# A serious addiction problem....



## tsodak (Sep 7, 2002)

You know you have a serious addiction problem when you manage to assemble a table decoration for your wife like this, and you still feel you did not get out enough this season.










What an absolutlely unbelievable year for roosters. Went out today and it was even better than the opener. Only nine months to go. Good thing today was the end though. This snow just destroyed the boys feet over the last three days. Had to put Striker away for the last walk today, could not stand the blood from a cut pad. Boy was he torked....

And yes, one from each bird, with not a single one over 23 and 3/4.


----------



## wiskodie1 (Sep 11, 2006)

um... you wouldnt need a hunting buddy by chance would ya??? 
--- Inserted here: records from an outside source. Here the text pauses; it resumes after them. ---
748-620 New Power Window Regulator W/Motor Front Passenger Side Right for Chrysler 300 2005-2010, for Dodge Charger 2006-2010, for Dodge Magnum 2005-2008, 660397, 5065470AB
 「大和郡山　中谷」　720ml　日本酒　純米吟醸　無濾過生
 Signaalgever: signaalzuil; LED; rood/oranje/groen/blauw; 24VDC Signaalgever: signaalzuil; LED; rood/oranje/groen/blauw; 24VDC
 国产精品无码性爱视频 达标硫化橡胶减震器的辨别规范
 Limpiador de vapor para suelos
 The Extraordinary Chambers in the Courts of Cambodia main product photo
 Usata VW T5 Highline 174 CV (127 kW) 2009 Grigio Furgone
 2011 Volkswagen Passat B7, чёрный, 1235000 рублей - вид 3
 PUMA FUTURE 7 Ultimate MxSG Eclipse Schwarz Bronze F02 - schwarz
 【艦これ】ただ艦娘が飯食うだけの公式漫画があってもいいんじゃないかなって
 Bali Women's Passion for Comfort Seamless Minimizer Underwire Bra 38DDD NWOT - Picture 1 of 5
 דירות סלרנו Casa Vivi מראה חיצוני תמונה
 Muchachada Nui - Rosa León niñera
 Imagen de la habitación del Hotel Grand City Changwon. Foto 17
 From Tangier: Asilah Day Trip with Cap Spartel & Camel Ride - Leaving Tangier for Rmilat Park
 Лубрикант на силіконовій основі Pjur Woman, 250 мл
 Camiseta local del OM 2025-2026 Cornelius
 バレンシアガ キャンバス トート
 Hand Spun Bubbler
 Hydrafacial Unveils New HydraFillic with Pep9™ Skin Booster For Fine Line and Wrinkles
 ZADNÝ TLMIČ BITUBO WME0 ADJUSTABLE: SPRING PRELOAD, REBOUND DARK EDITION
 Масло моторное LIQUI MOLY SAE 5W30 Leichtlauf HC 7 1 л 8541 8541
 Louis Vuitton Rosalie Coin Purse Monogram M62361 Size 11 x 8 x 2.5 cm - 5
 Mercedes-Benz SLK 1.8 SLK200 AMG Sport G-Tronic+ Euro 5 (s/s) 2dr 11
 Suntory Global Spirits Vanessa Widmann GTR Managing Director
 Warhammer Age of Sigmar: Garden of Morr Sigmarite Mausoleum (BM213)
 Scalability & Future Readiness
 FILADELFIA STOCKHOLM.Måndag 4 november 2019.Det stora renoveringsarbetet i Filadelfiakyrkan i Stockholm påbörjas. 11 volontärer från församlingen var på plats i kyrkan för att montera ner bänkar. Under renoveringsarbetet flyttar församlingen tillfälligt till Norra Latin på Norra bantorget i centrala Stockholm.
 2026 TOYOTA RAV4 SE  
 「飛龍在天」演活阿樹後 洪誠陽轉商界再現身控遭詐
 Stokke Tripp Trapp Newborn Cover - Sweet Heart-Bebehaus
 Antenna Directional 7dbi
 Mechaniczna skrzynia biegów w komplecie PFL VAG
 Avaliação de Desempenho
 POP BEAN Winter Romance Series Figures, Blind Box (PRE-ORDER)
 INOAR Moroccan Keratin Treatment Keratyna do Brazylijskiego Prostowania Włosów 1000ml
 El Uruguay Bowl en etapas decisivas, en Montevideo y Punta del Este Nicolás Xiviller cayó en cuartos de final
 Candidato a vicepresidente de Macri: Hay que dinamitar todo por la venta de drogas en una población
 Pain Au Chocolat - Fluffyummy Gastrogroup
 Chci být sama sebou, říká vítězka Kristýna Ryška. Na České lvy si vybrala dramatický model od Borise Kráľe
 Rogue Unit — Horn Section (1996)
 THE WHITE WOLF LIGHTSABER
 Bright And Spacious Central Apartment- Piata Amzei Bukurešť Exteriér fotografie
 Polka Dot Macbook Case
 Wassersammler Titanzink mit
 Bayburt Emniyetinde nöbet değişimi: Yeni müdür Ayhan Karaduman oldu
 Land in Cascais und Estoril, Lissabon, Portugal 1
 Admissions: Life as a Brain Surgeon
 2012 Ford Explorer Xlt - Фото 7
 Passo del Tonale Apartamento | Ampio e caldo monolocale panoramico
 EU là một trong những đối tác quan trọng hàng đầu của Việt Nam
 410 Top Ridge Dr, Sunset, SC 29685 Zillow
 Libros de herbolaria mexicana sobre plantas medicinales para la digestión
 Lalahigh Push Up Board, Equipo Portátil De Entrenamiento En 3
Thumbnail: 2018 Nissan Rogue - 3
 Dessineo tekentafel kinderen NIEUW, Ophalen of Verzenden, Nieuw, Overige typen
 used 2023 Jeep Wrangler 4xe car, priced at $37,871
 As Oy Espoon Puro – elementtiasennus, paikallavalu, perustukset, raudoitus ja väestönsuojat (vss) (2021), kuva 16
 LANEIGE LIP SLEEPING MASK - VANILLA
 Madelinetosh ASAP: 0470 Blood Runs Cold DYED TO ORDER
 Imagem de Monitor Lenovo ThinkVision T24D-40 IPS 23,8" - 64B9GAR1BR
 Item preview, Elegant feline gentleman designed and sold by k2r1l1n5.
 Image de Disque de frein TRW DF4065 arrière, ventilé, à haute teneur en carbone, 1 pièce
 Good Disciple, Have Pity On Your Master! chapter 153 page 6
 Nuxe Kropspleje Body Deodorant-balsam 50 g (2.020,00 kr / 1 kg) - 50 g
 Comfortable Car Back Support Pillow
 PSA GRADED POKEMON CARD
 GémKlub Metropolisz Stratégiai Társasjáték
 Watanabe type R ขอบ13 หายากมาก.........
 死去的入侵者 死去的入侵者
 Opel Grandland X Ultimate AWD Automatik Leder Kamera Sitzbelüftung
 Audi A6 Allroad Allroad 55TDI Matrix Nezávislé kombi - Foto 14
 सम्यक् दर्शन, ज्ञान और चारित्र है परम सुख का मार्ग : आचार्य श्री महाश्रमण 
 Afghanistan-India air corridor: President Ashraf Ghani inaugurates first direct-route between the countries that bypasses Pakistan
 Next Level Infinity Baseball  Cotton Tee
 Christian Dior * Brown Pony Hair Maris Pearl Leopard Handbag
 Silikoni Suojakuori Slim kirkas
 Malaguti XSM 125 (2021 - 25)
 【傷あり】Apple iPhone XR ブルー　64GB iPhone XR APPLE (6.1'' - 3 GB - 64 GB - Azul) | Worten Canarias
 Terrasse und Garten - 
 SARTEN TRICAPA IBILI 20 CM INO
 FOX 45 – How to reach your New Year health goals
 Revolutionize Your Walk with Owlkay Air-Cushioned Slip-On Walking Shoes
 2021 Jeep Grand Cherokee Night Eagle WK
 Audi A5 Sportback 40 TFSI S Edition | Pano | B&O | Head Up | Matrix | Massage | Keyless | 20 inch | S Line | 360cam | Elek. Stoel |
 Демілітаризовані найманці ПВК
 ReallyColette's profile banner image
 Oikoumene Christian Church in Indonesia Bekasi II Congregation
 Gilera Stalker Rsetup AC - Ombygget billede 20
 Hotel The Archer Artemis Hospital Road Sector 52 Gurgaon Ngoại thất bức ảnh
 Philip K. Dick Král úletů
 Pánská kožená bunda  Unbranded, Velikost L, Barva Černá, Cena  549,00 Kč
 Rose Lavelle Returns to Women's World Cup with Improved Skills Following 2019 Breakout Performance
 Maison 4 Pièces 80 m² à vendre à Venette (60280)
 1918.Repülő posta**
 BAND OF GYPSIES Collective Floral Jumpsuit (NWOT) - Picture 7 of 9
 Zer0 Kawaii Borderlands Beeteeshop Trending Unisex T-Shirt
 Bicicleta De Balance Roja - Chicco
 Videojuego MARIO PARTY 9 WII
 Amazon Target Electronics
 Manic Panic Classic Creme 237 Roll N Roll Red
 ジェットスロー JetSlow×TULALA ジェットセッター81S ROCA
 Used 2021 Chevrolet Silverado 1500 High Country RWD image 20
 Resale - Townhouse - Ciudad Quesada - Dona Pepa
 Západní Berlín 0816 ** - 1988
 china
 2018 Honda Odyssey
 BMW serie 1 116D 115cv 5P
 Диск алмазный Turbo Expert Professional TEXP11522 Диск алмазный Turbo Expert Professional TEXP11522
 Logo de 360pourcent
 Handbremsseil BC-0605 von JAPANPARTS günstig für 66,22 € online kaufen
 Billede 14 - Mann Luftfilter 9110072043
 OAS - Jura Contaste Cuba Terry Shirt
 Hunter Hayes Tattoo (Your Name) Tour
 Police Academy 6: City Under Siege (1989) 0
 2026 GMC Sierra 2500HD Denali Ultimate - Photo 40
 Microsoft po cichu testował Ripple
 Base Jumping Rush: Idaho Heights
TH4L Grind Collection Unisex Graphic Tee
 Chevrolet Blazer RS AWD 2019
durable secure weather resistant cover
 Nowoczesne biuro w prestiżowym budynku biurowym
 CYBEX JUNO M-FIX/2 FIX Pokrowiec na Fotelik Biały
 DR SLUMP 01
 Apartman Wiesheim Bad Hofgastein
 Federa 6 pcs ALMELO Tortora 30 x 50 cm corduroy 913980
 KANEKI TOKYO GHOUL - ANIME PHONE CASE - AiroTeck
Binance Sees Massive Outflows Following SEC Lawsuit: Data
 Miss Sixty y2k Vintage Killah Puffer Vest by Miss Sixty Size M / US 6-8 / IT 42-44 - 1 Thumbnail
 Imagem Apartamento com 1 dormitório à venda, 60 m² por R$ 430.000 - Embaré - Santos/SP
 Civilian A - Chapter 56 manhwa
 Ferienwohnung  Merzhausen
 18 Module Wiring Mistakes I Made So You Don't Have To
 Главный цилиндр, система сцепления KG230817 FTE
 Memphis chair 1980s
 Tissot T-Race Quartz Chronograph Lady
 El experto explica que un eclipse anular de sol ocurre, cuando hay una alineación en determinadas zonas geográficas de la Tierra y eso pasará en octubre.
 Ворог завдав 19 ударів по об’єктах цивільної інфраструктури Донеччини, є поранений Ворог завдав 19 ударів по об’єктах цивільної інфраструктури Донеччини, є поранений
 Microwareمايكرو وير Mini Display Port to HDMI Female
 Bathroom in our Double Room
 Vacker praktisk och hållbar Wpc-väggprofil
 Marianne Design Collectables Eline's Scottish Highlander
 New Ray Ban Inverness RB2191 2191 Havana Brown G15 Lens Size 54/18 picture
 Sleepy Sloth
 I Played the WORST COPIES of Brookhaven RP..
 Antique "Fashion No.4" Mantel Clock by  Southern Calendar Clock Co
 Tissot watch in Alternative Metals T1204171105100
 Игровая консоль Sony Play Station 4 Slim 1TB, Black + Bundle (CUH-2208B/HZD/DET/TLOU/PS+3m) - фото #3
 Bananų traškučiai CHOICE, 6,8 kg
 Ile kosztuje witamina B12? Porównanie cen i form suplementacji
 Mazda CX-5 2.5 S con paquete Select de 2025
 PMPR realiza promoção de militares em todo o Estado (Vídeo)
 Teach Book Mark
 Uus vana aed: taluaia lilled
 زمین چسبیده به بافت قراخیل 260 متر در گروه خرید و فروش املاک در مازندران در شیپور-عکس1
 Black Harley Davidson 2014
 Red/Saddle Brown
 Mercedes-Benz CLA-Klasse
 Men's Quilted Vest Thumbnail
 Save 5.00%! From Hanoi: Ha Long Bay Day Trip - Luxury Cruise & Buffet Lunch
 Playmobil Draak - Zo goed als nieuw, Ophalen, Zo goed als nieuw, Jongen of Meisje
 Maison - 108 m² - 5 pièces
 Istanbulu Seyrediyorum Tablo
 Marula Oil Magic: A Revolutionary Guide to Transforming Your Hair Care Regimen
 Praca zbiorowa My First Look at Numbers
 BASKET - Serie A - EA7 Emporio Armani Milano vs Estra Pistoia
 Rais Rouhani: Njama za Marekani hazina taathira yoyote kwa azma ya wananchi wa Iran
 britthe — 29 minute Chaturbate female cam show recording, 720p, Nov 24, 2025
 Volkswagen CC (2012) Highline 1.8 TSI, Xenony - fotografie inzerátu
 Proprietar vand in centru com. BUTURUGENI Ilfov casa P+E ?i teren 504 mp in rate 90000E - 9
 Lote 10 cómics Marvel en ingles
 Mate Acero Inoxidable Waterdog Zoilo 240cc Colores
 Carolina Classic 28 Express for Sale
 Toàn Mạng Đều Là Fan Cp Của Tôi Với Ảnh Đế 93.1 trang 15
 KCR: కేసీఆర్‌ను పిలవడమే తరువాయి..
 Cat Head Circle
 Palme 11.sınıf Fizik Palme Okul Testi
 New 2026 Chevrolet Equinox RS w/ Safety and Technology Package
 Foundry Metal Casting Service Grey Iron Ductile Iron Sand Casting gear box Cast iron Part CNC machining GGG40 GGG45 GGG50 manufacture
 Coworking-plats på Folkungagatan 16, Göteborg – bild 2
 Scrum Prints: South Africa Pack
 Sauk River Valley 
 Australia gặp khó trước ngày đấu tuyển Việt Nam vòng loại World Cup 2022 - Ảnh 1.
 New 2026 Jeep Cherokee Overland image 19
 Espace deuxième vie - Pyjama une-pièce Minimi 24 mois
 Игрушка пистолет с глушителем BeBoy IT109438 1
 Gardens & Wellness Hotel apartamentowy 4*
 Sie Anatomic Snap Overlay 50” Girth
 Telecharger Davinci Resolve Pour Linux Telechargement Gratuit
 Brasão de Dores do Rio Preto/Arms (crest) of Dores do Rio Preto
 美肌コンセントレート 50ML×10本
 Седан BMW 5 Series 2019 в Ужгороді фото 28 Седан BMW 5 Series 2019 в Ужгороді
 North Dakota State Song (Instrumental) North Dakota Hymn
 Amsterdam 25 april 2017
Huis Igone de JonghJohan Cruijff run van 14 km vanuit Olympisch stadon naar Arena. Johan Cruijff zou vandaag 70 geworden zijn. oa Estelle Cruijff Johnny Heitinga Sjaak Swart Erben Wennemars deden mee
nice pic, wish my year woud have been as good 

:beer:


----------



## Dak (Feb 28, 2005)

:beer:


----------



## Rick Acker (Sep 26, 2002)

Glad to know I'm not the only dork! :beer:


----------



## tumblebuck (Feb 17, 2004)

> Good thing today was the end though. This snow just destroyed the boys feet over the last three days


My pups won't even let me look or touch their paws and a lot of hair was scraped off the back of their legs. There were a couple bloody paw prints the last couple walks.


----------



## hunt4P&amp;Y (Sep 23, 2004)

Looks like a good year. I got sick of pulling feathers by the middle of the season. I send feathers to a buddy of mine who ties flies. I sent him 200 tail feathers. Needless to say he was happy. He can get like $2.00 for each of them in stores.


----------



## DonC (Oct 9, 2005)

tumblebuck said:


> > Good thing today was the end though. This snow just destroyed the boys feet over the last three days


Haven't tried these yet but I am going to give them a try next year. they are cheap enough...............

http://www.dogbooties.com/dogbooties.html


----------